• EXERCISE REQUIREMENTS: Copy out the data exactly, leaving the pictures behind.

Stored data
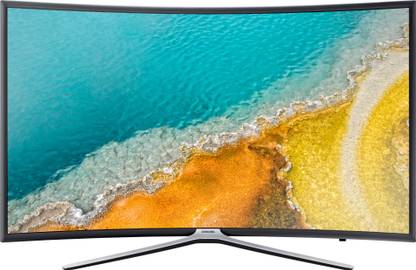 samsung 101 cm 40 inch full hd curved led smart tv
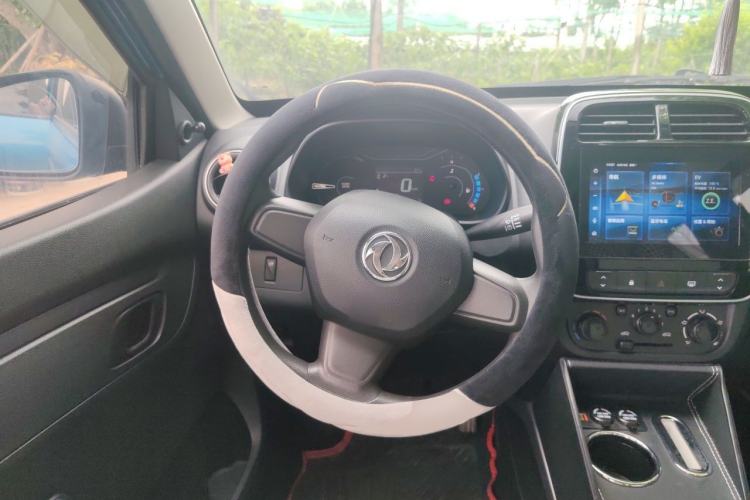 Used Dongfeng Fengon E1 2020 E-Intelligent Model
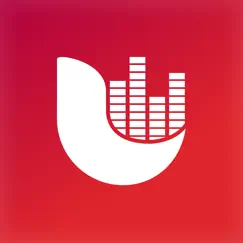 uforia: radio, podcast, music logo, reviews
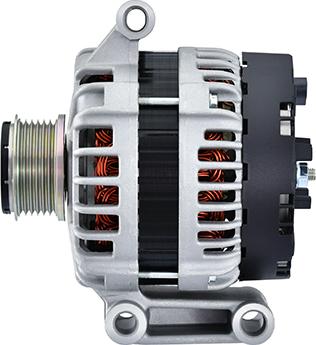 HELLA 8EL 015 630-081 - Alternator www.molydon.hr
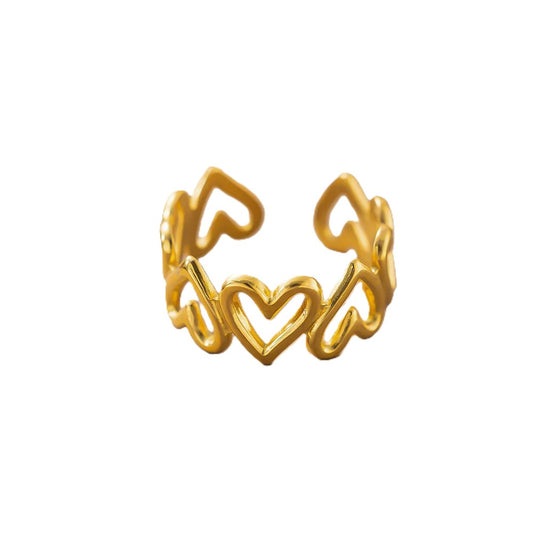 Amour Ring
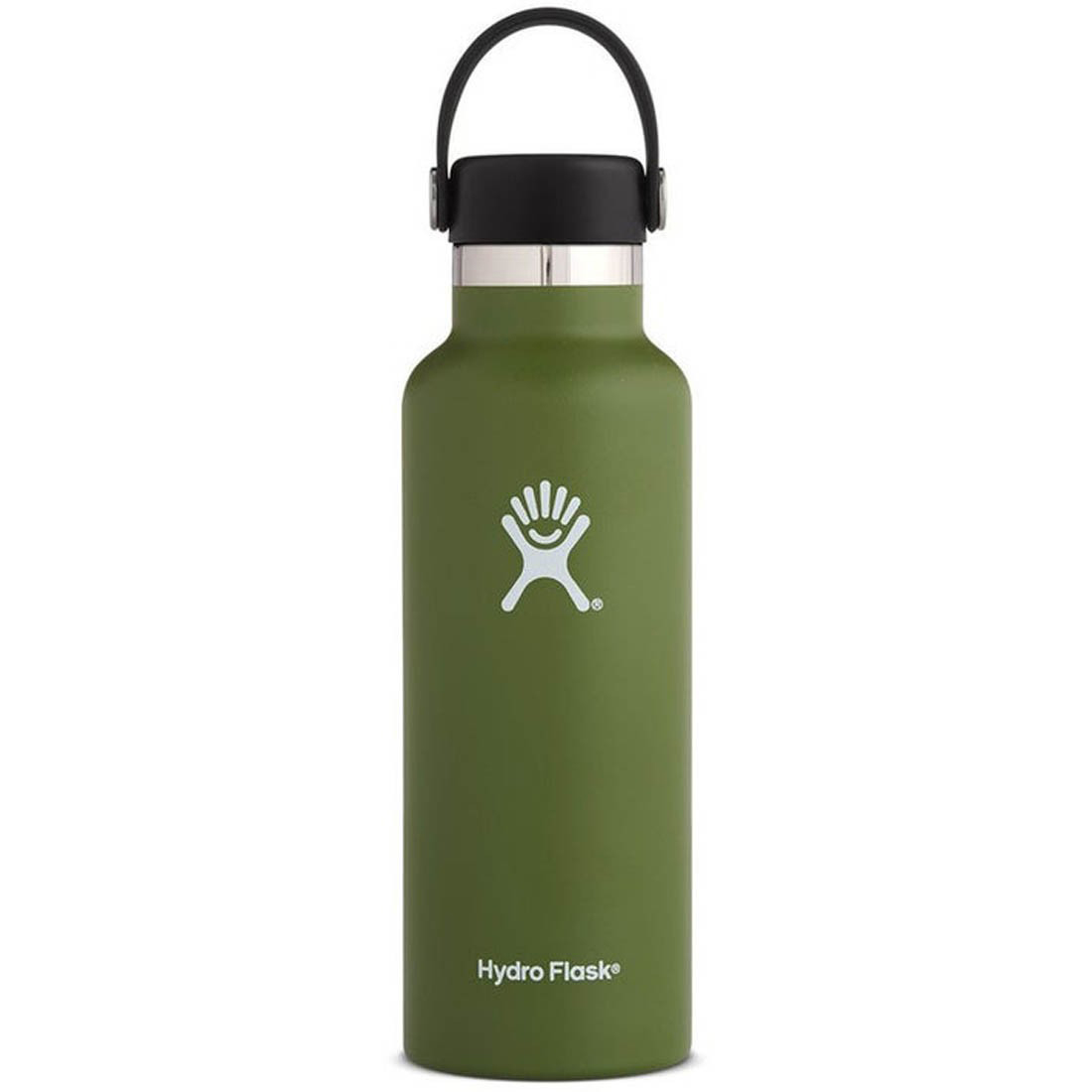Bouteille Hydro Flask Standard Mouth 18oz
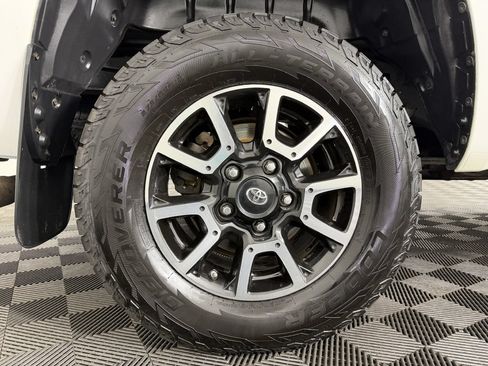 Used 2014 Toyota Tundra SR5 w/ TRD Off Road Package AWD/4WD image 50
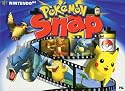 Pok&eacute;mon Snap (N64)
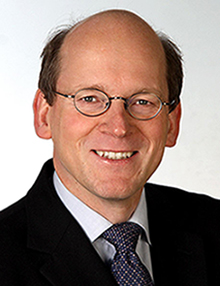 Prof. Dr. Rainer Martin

• ANSWER FOR THIS EXERCISE:
 samsung 101 cm 40 inch full hd curved led smart tv
 Used Dongfeng Fengon E1 2020 E-Intelligent Model
 uforia: radio, podcast, music logo, reviews
 HELLA 8EL 015 630-081 - Alternator www.molydon.hr
 Amour Ring
Bouteille Hydro Flask Standard Mouth 18oz
 Used 2014 Toyota Tundra SR5 w/ TRD Off Road Package AWD/4WD image 50
 Pok&eacute;mon Snap (N64)
 Prof. Dr. Rainer Martin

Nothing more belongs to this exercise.